## Try it
Return, character for character, the lines from the one bearing "Heidi Baker walking with kids in Mozambique" through the end of the material. Omit everything before that line.

## Raw data
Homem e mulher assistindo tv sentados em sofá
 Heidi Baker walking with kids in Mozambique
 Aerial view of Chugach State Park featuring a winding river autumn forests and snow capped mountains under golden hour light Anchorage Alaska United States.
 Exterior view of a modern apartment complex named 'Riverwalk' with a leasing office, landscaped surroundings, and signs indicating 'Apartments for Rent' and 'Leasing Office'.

## Answer to this problem
 Heidi Baker walking with kids in Mozambique
 Aerial view of Chugach State Park featuring a winding river autumn forests and snow capped mountains under golden hour light Anchorage Alaska United States.
 Exterior view of a modern apartment complex named 'Riverwalk' with a leasing office, landscaped surroundings, and signs indicating 'Apartments for Rent' and 'Leasing Office'.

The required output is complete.